Pas du tout. La génération Y (digital native) ne lit plus. Une fois le sport et les sorties évacués, ADSL régit le reste de notre temps libre. Ces quatre lettres tu le sais mènent alors la danse à grands coups de mails, réseaux sociaux, blogs, sites, téléchargement de musique, de films ou de séries, grignotant les minutes que l’on dédicacerait à se plonger dans un bouquin.
La lecture représente aujourd’hui pour beaucoup un investissement en temps assez décourageant que l’on réserve au mieux pour ses vacances. La sélection en devient d’autant plus essentielle: Pas le droit à l’erreur, priorité donc au sum.
D’où la justification de ce post. Je propose ce chef-d’oeuvre pour motiver ceux qui comme moi étaient bêtement passé à côté de cette valeur sure.
Voyage au bout de la nuit est un bijou, nihiliste et cinglant à souhait. Articulé autour d’un périple passant par la banlieue parisienne, l’Afrique coloniale et les Etats-Unis, la bassesse et le vice des hommes y sont décortiqués avec une dextérité incroyable. Je crois que la plume jouissive de Céline passe au crible à peu près tous les travers de l’être humain. Autant te dire que je l’ai savouré comme il se doit, sourire malicieux au coin de la bouche. Indispensable et jubilatoire. Si tu l’as déjà lu, on se comprend, sinon tu me remercieras plus tard.
Ce roman est un vivier à citations, on pourrait quasiment le reconstituer d’extraits en extraits. Ci-dessous un superbe passage que j’ai pris un malin plaisir à recopier juste pour te mettre dans le bain.

Dans le cas où nous étions, un homme, un costaud, m’aurait fait peur, mais d’elle je n’avais rien à craindre. Elle était moins forte que moi, comme on dit. Depuis toujours l’envie me tenait de claquer une tête ainsi possédée par la colère pour voir comment qu’elles tournent les têtes en colère dans ces cas-là. Ça ou un beau chèque, c’est ce qu’il faut pour voir d’un seul coup virer d’un bond toutes les passions qui sont à louvoyer dans une tête. C’est beau comme une belle manoeuvre à la voile sur une mer agitée. Toute la personne s’incline dans un vent nouveau. Je voulais voir ça.
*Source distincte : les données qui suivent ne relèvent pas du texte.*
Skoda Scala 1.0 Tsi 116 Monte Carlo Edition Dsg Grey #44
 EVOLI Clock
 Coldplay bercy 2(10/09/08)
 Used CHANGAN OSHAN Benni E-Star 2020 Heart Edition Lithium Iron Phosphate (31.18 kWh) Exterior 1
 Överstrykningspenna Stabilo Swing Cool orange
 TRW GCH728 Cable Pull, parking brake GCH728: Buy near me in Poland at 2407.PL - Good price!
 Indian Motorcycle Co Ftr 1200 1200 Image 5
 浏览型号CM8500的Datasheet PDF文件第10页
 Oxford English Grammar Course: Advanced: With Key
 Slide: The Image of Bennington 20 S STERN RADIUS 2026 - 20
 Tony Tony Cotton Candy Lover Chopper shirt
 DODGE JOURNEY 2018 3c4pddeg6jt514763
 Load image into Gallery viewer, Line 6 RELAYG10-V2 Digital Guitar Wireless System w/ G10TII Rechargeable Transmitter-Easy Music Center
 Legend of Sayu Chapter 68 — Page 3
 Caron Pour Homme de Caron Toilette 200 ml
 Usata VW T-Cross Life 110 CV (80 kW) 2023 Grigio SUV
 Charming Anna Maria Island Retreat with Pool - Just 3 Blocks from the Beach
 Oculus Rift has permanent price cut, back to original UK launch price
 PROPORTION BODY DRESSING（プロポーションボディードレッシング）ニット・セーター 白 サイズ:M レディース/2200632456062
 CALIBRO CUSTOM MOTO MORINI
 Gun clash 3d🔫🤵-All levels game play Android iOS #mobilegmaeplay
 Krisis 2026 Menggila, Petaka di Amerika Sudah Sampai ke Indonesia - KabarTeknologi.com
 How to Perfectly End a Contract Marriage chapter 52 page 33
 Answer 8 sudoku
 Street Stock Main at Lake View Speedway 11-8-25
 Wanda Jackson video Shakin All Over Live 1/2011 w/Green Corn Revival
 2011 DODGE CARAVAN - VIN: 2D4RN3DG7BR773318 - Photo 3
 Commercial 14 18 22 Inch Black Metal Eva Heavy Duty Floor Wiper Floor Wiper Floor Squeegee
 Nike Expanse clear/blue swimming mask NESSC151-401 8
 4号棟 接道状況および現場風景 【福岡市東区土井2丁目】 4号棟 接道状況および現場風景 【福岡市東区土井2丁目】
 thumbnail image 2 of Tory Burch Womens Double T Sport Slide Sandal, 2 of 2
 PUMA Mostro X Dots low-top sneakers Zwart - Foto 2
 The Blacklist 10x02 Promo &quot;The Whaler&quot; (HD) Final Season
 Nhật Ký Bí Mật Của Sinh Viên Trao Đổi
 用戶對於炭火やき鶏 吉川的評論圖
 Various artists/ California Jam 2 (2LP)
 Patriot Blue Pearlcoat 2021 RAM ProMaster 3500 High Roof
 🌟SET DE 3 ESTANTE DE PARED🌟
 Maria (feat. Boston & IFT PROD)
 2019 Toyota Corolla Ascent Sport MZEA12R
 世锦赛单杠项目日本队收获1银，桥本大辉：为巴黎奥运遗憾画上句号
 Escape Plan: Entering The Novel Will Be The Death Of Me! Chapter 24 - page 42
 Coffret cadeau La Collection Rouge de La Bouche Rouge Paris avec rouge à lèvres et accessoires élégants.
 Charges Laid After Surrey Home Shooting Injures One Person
Depuis vingt ans au moins, il me poursuivait ce désir. Dans la rue, au café, partout où les gens plus ou moins agressifs, vétilleux et hâbleurs, se disputent. Mais je n’aurais jamais osé par peur des coups et surtout de la honte qui s’ensuit des coups. Mais l’occasion, là, pour une fois était magnifique.
” Vas-tu t’en aller? ” que je fis, rien que pour l’exciter encore un peu plus, la mettre à point.
Elle me reconnaissait plus, à lui parler comme ça. Elle s’est mise à sourire, horripilante au possible, comme si elle m’avait trouvé ridicule et bien négligeable… ” Flac ! Flac ! ” Je lui ai collé deux gifles à étourdir un âne.
Elle est allée s’aplatir sur le grand divan rose d’en face, contre le mur, la tête entre les mains. Elle soufflait à petits coups, et gémissait comme un petit chien trop battu. Et puis, elle a comme réfléchi et brusquement elle s’est relevée, toute légère, souple et elle a dépassé la porte sans même retourner la tête. J’avais rien vu. Tout était à recommencer.